We had rented a van for our travels to and from Santo Domingo, and for some reason it turned out to be cheaper to rent the van for an entire week rather than the few days we initially wanted it for. So we decided to extend our trip an additional three days and add a cross-country drive to the Dominican southwest.
In some ways, the southwest region of the Dominican Republic is not so different than the southwest region of the United States. It’s remote, not as densely populated, and home to many of the country’s most diverse ecosystems. Just as I marveled upon the ability to drive from alpine forest to red-rock desert during my initial arrival to the American southwest, I found myself doing the same in this southwestern region of the island nation (though admittedly, the desert was not red and the forest was more of a jungle).
For one reason or another, the tourist industry has yet to spread to this portion of the island (though it is slowly encroaching), and that makes for a much more authentic experience. The further away we drove from the city the smaller the homes and villages became. They also became more colorful – poorer sure, and yet somewhat richer.
As we drove through a seaside town we were waved down by a family with two young children dressed in school uniforms. Just feet ahead of us stood a smoldering van, its previous occupants hugging belongings and clutching their chests at the side of the road. The group explained that the van was the local bus the children had intended to ride to school, but it had caught fire just as it had pulled off the road. The children were very excited. They were laughing because they thought it was funny the way everyone had poured out of the crowded van. “They are cowards,” the little girl grinned as her ponytail swung back and forth with her giggles. No one was hurt, thankfully, and this young pair had a test take at school. Their family waved as we drove away, two blue and khaki-clad kids now added to our load.
What a place this is, I thought to myself, where parents can toss their children into the car of a total stranger with so much trust, even joy. I thought about the recent tragedies back home in the States, about how most American children lived with so much more than the ones sitting in front of me now, and about how most of those same American children would never enjoy this particular luxury.
The kids smiled the entire trip. They delighted us all by repeating a few English phrases and before we knew it, we were at the school. They jumped out of the car as quickly as they had jumped in, but their energy remained in the van for at least a few miles more as we all grinned stupidly down the bumpy road.
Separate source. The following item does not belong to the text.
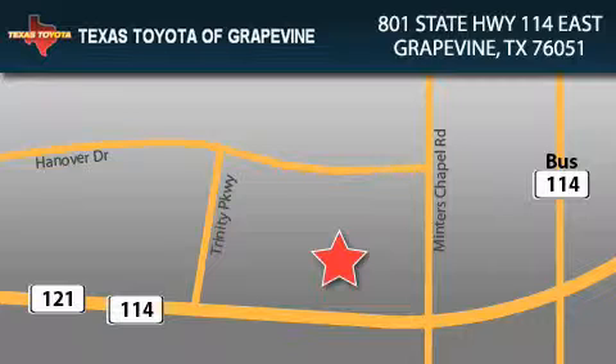Our goal is to exceed all of your expectations to ensure that you'll return for future visits.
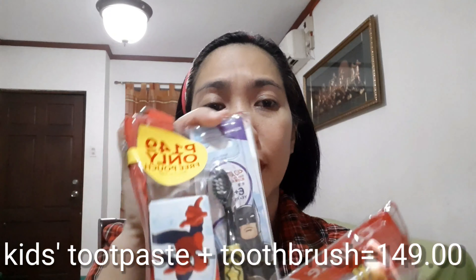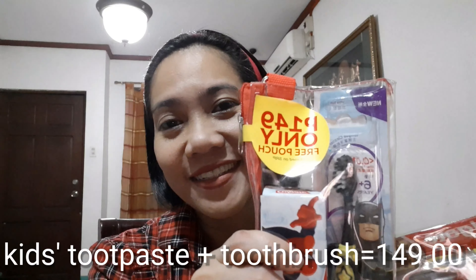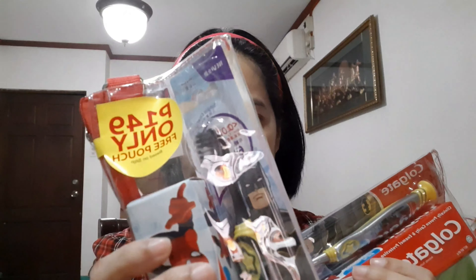Tapos, ano man akong binili for my kids. For only 149. Colgate toothpaste with toothbrush para sa dalawang kids. And then, ito pala galing din Watson's.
In the beautiful, waterfront town of Paraiso we met a white pick-up truck with seats and a canopy built into its bed. This would be our final method of transport to El Rancho Platon – the site of our beds for the night – nestled high in the mountains above us. The road from here on out was too rocky and steep to accommodate our van. So we climbed onto the padded benches and held on tight through a winding road into the mountainous, palm tree jungles of this new and exciting southwest.